So how can your organization realize the potential lying dormant on that About page or in that HR manual? First, audit the values set. Make sure the values you espouse are implicit to the ethos of the organization. They must be distilled from within. How do you come about them? Start with the right questions: What did the founders believe they could do so much better or so differently that compelled them to start up the business in the first place? What unique perspective does your company bring to the world? Why would a customer let you into his or her life? These aren’t only questions for leadership, they should be posed to people and partners at every level. Keep in mind that the goal here isn’t nailing down the USP, the goal is defining the fundamental beliefs that can give rise to the USP. Values first, then value.
Once this implicit values set is identified, you must do what it takes to make those values more explicit. Not consumer-facing, but alive within the walls and heads of everyone who represents the company. The good news is, just as we can train our brains to think in new and different ways, we can reorient company cultures to prioritize a set of values. Most effective HR operations can deploy training tactics to begin transmission of the values, but it is important that leadership demonstrates a commitment to keeping them alive.

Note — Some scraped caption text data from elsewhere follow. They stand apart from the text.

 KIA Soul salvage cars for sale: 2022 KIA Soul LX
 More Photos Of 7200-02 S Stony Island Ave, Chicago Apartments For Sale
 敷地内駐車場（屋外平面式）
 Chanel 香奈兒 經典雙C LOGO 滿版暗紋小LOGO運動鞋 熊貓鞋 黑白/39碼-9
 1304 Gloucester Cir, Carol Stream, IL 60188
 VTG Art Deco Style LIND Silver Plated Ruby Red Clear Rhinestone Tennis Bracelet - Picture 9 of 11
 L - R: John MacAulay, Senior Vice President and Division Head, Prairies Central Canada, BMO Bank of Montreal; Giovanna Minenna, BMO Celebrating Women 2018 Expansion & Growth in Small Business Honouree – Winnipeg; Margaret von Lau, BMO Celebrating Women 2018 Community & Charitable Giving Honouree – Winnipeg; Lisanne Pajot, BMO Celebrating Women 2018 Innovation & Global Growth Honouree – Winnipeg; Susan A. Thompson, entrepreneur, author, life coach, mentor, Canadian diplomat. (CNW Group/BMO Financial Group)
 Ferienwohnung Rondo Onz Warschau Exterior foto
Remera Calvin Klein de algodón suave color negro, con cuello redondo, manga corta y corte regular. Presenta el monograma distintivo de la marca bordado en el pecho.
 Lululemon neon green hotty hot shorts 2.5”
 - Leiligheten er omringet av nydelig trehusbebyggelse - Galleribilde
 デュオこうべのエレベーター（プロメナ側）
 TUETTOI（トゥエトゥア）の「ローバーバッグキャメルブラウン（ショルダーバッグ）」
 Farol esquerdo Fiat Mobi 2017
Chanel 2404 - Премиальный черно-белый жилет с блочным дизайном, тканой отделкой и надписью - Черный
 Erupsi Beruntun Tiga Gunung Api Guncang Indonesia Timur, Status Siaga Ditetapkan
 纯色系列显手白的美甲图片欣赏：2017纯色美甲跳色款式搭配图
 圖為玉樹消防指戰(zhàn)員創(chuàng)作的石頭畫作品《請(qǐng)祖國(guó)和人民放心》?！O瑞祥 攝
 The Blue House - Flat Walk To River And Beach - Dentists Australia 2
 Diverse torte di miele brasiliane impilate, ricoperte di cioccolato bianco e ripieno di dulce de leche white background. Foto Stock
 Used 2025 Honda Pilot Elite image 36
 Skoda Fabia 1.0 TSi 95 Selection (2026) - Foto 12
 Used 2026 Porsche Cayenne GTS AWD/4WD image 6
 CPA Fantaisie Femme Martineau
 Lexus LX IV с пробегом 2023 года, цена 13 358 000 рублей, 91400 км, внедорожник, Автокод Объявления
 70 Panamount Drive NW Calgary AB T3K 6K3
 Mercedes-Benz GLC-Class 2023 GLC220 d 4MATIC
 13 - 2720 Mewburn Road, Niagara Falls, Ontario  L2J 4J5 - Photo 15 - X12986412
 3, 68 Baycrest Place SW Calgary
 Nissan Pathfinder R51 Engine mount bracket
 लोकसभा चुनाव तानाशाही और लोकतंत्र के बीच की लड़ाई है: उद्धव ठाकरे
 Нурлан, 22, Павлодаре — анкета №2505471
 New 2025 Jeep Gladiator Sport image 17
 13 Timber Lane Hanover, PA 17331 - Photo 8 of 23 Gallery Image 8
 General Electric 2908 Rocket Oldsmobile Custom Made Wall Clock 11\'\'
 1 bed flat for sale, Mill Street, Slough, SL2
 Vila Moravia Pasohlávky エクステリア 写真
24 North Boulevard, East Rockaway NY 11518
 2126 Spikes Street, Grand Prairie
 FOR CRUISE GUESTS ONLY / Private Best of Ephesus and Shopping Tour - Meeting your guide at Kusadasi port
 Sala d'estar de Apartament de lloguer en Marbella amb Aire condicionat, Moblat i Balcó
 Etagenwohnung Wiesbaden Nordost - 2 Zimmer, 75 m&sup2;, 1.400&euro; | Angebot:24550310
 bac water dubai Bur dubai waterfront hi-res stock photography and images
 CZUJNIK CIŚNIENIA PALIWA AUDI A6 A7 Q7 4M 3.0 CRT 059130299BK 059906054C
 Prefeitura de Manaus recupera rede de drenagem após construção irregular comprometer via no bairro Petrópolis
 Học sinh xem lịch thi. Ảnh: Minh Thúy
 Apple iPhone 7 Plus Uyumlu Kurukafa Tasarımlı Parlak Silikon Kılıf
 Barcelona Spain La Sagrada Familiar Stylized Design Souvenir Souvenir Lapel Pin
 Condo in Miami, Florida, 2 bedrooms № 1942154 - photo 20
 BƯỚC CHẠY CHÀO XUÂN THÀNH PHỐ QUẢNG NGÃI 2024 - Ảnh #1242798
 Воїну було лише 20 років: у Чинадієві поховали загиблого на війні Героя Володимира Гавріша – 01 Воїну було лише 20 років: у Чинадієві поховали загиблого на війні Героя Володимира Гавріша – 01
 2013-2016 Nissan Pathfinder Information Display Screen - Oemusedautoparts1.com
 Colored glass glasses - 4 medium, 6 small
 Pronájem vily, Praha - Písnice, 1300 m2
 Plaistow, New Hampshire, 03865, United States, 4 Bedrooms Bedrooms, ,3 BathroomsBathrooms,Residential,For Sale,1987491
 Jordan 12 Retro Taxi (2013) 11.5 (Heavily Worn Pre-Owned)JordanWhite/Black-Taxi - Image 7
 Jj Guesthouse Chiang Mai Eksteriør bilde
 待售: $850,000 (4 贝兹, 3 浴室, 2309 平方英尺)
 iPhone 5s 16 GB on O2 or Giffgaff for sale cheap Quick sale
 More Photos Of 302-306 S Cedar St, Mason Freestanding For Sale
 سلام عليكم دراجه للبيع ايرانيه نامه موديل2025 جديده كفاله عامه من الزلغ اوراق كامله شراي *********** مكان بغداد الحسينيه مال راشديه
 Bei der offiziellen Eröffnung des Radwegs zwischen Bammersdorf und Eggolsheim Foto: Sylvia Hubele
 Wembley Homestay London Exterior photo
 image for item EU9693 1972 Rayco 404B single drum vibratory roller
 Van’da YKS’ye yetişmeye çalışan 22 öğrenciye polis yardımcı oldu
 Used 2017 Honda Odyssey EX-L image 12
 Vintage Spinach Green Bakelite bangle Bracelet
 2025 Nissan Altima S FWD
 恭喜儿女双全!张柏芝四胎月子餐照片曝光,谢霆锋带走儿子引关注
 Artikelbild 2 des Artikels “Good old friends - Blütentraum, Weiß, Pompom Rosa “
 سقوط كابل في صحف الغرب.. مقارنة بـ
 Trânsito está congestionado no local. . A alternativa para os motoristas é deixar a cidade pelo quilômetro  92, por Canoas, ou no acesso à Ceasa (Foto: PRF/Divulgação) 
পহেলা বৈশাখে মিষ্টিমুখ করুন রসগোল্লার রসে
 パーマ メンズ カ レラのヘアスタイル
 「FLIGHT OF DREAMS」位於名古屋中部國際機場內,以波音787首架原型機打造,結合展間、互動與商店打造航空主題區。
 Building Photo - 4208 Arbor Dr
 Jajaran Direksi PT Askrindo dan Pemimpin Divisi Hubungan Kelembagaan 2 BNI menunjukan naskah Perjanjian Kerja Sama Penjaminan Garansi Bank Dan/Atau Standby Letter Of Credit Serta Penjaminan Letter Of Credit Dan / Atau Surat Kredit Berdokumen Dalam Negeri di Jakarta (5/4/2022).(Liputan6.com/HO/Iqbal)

Here are just a few of many ways to make that happen:
• Codify authentic stories that ingrain the values into the company mythology
• Provide values assessment testing in order to identify strengths and weaknesses for more effective team building
• Keep the values set front and center during ideation and product development discussions
• Consistently and publicly reward employees who best demonstrate one of your values in practice
Whether you’re facing a company turnaround, a merger or acquisition of corporate cultures, a branding challenge or trying to get more out of your organization’s performance, don’t overlook the inherent value of values.